Elle subit aussitôt des revers décisifs aggravés par l’intervention contre elle de la Roumanie et… de la Turquie. Tout semble à recommencer. Le feu si péniblement éteint à Londres menace de s’étendre. L’Autriche, toute à son obsession de la Serbie, envisage sérieusement d’intervenir aux côtés de la Bulgarie. C’est l’Allemagne qui l’en dissuade. Le partage de la Macédoine n’est pas une affaire qui met en jeu ses intérêts, d’autant plus que la Russie est demeurée dans une certaine réserve et que la France et la Grande-Bretagne, comme pour la première guerre de 1912, ont tout fait pour appeler les États belligérants à la retenue et à la négociation. Les affaires balkaniques ont cependant révélé à quel point elles pouvaient bouleverser les équilibres européens et étaient susceptibles de conduire à un embrasement de l’ensemble du continent. Si l’Allemagne n’avait pas freiné son allié autrichien, les conséquences auraient pu être incalculables, l’intervention de Vienne entraînant en réaction celle de la Russie en faveur de la Serbie.

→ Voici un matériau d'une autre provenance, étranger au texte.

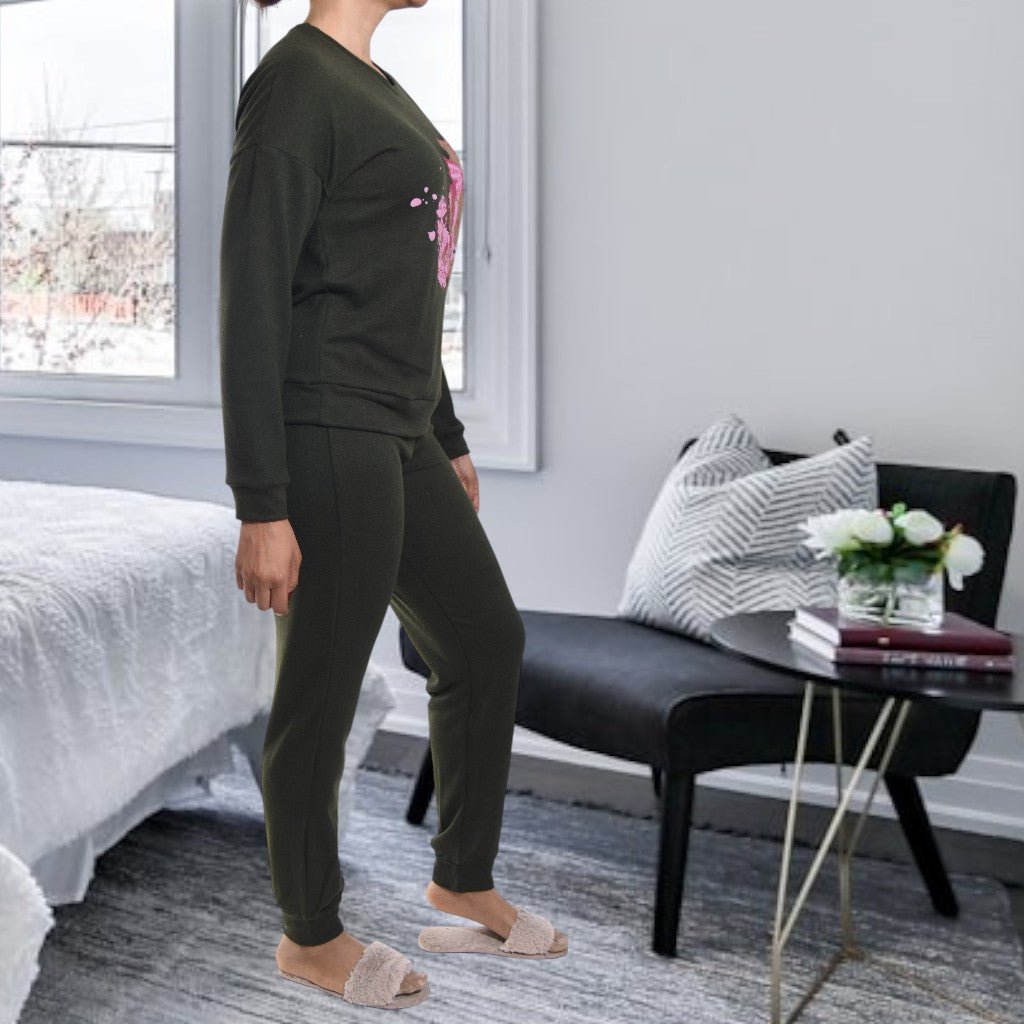 Ladies Olive Perfume Pj Set - StylePhase SA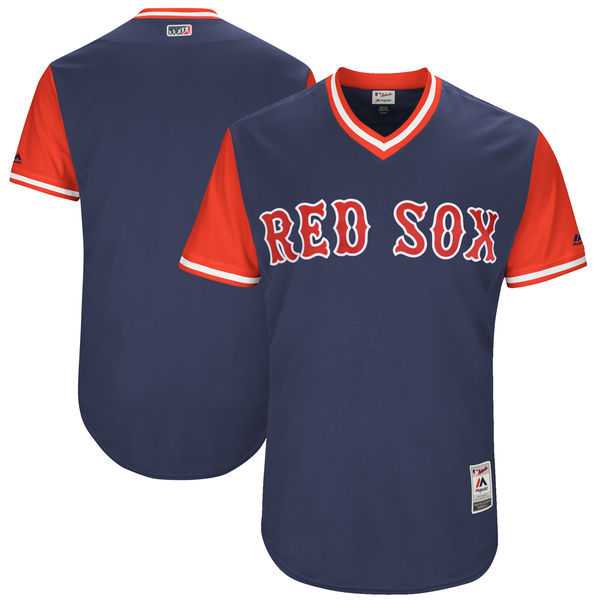 Customized Men's Boston Red Sox Majestic Navy 2017 Players Weekend Team Jersey,We sell and wholesale Customized Men's Boston Red Sox Majestic Navy 2017 Players Weekend Team Jersey on line form chian!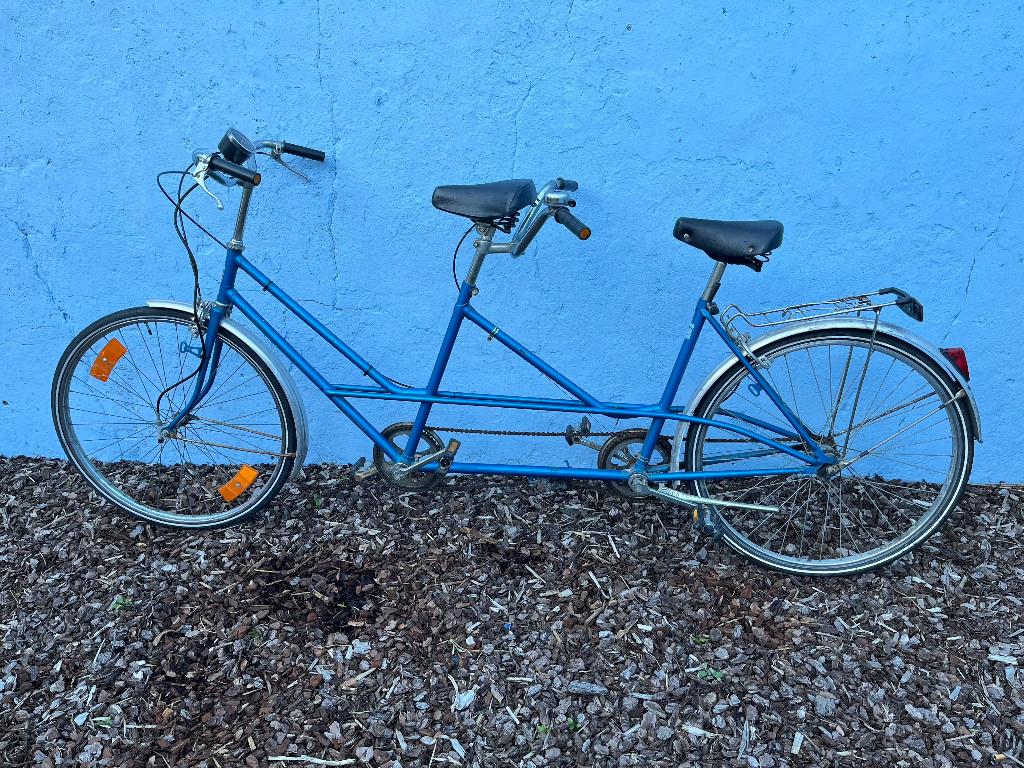 Tandem fiets, Enlèvement, Utilisé, Moins de 10 vitesses, Bertin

Qu’auraient alors fait la France, la Grande-Bretagne et l’Allemagne ?
Le traité signé entre les belligérants à Bucarest le 10 août 1913 scelle le sort de la Macédoine : la Grèce récupère le sud avec Salonique, la Serbie, le nord avec Skopje, la Bulgarie devant se contenter d’un tout petit morceau à l’est. Par ailleurs, la Roumanie récupère le sud de la Dobroudja enlevée à la Bulgarie. Quant à la Turquie, elle élargit la bande de territoire européen que lui a laissée le traité de Londres en récupérant Andrinople et la Thrace orientale.

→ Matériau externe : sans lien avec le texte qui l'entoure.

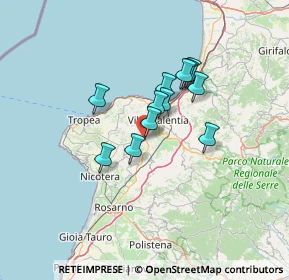 Mappa Via Giardino, 89851 Jonadi VV, Italia (10.68667)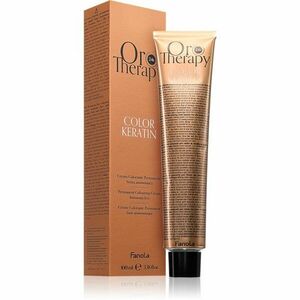 Fanola Oro Therapy Color Keratin barva na vlasy odstín in Copper Light Blonde 8.4. 100 ml obraz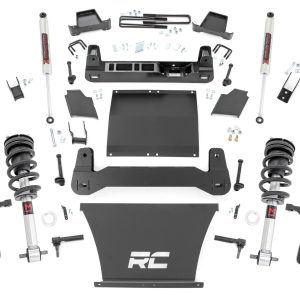 Rough Country 6 Inch Lift Kit M1 Struts/M1 Chevy Silverado 1500 4WD (2019-2024)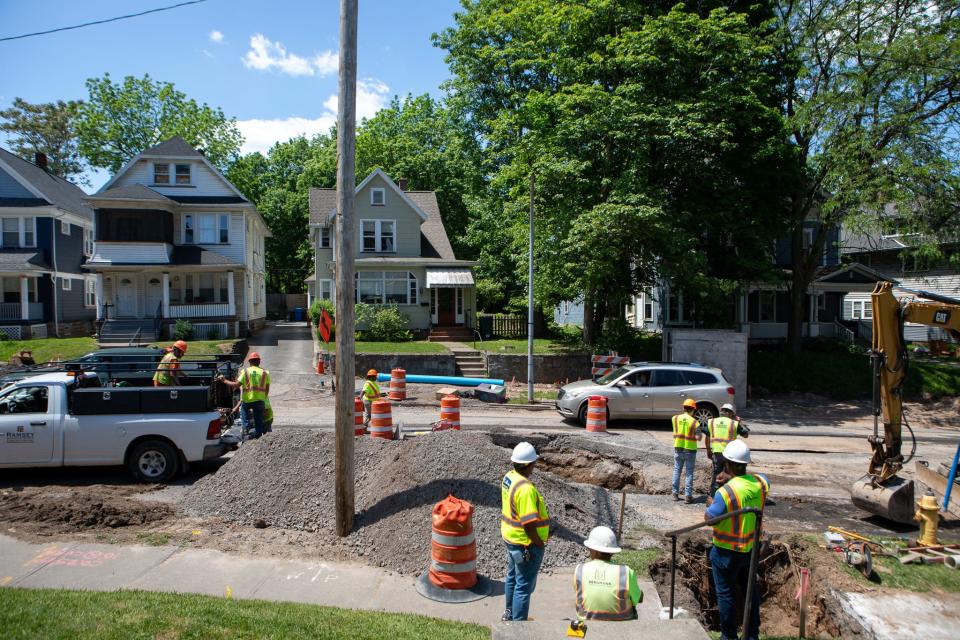 The City of Rochester has a "dig once" rule to get as much construction done at one time while preventing more construction in the long run.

Au début de 1914, la situation dans les Balkans semble stabilisée. Pour combien de temps ? Les équilibres restent précaires. L’Autriche s’est montrée durant ces deux crises offensive et intransigeante. Elle s’est opposée avec détermination aux objectifs nationaux serbes. L’Allemagne et la Russie ont su calmer leurs alliés respectifs, mais la tension entre Vienne et Belgrade est si forte qu’un nouvel incident pourrait mettre le feu aux poudres. En attendant, les hommes épris de paix préfèrent demeurer optimistes. Le vieux château de cartes européen est resté debout malgré les coups qui lui ont été portés. Les grandes puissances ont bien conscience qu’on ne peut s’en approcher que sur la pointe des pieds et en retenant son souffle. Que l’une d’elles l’oublie et c’est l’explosion. En juillet 1914, après l’assassinat à Sarajevo de l’héritier au trône d’Autriche, Vienne et Berlin ne sauront pas montrer la même retenue, entraînant l’Europe et le monde dans une guerre effroyable.